As a result, districts came up with their own formulas, which is what the Volusia County School District did.
Hazel gave the example of a student who had a D and three F grades for the quarters of the school year. The average of those grades would become an F for that year, as the student’s grade would be rounded down.
With the new formula the state has suggested, and that the Board adopted, that same student would have a grade of .5, calculated by the semester. The grade would be rounded up, and the student would have a D for the year.
The task ahead for the school board is to determine when and how the new formula for EOC grades will be implemented.
According to attorney Stacey Manning, if the District made changes using the new formula retroactively, there would be negative consequences for students that could become unconstitutional. Legally, however, there would be no issue with implementing the formula with incoming seventh graders and phase in the new formula over five to seven years to get everyone on the same calculations.
Interim Superintendent Tim Egnor didn't want to phase in the formula. He wanted to implement the new one now.
“There is no reason, to my knowledge why we could not start this school year, applying this new standard to every student in the system," Egnor said. "We don’t need to phase it in.”
Board Attorney Ted Doran was concerned about having students from many different levels taking the same class while going through the system with two different formulas. Some students, like the example given by Hazel, would be negatively impacted as a result of the change.
Board member Ruben Colon wanted the School District to gather information from other districts to know how they are handling the implementations. Colon also said he researched various institutions of higher learning to find out how they handle transcripts from different school districts.
Egnor said there is a huge range of how other districts have handled the previous formulas, and therefore, there is not a solid comparison of what other districts have done.

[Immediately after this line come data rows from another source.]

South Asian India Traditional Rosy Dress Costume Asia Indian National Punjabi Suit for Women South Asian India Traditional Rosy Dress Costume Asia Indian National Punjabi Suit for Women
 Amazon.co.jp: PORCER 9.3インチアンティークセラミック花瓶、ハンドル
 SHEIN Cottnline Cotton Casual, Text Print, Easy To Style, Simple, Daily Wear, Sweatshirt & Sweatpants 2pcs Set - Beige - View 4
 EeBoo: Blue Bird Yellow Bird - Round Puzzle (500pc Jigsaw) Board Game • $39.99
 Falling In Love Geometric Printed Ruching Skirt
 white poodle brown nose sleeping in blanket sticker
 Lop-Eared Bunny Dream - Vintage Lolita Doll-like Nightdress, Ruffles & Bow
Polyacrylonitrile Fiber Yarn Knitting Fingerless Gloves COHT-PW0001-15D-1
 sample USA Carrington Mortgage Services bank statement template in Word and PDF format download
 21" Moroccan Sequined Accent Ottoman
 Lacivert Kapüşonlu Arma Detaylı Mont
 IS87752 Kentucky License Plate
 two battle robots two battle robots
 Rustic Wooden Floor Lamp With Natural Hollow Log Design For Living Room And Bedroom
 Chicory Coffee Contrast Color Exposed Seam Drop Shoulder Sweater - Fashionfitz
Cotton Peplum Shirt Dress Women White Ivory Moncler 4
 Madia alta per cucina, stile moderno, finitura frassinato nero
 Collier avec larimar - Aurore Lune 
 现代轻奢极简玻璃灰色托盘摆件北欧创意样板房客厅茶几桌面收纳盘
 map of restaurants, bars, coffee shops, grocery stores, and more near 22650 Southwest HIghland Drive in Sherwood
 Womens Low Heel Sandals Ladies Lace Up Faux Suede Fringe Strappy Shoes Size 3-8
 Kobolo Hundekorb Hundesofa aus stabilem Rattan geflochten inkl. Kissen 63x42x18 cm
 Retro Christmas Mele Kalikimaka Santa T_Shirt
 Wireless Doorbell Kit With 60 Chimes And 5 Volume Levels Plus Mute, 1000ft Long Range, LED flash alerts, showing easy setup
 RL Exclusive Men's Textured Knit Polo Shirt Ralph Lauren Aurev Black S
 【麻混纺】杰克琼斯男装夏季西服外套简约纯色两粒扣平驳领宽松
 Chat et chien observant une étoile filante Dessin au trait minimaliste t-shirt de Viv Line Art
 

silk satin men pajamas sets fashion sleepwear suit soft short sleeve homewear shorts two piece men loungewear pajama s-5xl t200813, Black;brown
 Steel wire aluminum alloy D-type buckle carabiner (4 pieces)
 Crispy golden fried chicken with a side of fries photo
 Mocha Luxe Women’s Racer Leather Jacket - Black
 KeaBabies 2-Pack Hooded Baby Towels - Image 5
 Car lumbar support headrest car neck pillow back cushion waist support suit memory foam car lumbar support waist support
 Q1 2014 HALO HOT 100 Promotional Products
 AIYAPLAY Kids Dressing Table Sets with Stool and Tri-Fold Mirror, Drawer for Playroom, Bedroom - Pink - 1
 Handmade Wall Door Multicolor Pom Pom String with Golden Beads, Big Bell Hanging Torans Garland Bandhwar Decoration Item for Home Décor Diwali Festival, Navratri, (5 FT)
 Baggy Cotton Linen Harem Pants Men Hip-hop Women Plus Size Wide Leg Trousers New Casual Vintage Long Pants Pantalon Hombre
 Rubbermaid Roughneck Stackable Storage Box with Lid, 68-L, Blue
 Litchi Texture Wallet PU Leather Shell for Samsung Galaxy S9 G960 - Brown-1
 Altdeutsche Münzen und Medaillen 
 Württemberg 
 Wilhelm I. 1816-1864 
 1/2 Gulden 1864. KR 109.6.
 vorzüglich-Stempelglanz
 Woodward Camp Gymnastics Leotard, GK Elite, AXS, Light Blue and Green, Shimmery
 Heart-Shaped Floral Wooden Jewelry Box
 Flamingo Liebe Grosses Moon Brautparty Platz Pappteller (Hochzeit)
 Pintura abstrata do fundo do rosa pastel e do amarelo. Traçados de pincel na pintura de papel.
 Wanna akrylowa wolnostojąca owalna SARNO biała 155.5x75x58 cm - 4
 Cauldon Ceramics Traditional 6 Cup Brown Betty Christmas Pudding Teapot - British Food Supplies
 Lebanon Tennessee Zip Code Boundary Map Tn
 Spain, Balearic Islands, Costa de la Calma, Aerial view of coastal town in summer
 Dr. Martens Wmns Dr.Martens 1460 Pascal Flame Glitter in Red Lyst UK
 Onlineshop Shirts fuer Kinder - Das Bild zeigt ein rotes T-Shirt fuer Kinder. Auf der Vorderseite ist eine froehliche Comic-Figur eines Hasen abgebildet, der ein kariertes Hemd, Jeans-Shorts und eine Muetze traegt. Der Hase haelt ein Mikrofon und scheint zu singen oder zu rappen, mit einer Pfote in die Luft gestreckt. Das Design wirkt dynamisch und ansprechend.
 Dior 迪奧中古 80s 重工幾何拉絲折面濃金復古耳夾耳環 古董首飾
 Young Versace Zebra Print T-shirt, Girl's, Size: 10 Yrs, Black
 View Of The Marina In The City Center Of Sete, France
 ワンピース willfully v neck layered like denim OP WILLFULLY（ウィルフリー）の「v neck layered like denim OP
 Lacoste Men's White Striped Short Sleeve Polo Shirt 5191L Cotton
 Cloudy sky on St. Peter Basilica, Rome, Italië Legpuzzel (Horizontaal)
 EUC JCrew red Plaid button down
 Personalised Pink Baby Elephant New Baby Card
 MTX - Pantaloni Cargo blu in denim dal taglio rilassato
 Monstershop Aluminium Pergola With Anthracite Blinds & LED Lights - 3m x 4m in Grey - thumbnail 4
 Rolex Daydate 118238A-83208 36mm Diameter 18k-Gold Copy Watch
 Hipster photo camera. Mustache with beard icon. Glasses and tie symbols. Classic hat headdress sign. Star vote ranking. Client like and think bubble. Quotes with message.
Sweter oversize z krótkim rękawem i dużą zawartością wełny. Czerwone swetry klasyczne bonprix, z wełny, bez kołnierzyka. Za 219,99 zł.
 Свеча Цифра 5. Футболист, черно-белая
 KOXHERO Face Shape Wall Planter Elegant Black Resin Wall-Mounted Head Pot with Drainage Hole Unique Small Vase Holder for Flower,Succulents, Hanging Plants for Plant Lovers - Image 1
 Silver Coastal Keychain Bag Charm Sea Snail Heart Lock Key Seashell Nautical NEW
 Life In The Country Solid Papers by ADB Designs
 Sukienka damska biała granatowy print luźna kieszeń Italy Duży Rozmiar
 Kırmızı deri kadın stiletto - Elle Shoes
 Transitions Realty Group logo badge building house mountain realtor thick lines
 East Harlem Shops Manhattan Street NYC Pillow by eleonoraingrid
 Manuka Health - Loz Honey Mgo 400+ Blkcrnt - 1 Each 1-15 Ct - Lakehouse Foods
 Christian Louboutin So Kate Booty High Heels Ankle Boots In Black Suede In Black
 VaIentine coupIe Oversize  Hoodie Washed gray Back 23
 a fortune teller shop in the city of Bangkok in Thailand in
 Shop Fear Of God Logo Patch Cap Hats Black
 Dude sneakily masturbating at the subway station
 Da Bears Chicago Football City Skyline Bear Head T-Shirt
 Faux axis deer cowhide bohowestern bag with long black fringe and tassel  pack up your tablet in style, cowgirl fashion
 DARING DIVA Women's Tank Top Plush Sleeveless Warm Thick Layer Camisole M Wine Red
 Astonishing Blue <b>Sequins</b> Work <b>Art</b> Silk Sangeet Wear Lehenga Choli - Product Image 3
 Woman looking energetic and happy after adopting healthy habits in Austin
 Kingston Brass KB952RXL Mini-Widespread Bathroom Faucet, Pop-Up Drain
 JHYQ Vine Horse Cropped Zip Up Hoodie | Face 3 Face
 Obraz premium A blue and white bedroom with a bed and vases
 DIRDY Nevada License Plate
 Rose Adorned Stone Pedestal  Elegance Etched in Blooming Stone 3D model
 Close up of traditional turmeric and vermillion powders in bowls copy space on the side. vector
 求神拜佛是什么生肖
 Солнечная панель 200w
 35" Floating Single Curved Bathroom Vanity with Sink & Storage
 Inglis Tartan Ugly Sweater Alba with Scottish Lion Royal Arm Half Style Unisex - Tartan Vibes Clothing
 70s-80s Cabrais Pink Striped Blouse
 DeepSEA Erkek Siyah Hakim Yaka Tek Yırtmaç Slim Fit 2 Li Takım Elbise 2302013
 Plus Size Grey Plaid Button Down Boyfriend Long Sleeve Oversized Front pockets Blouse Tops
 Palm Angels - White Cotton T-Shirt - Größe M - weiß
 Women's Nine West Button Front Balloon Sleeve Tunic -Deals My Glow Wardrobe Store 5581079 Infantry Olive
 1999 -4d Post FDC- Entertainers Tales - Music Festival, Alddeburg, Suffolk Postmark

Colon suggested a workshop to further discuss the issue. Board members Ida Wright and Jamie Haynes concurred that additional discussion and information needs to be gained before voting.
Egnor said that the administration can create multiple examples of scenarios for the Board to view and discuss the pros and cons of each to pick the most appropriate and fair impact on students. Egnor also talked about the need for Manning and Doran to address any legal issues that could result from the various options of implementation.
“I am very proud of a Volusia diploma," Board member Linda Cuthbert said. "We have to make sure that our diplomas reflect the proficiencies of what a student has earned."
Chairman Carl Persis said that the only state recommendation was to go with calculating grades by semester.
The discussion was tabled with a plan for a workshop on the morning on July 22 to further discuss how and when the formula change for the 2019-2020 school year would happen and to whom it would be applied.
The Board is slated to take action on the new formula at the regular July 22 meeting later that day.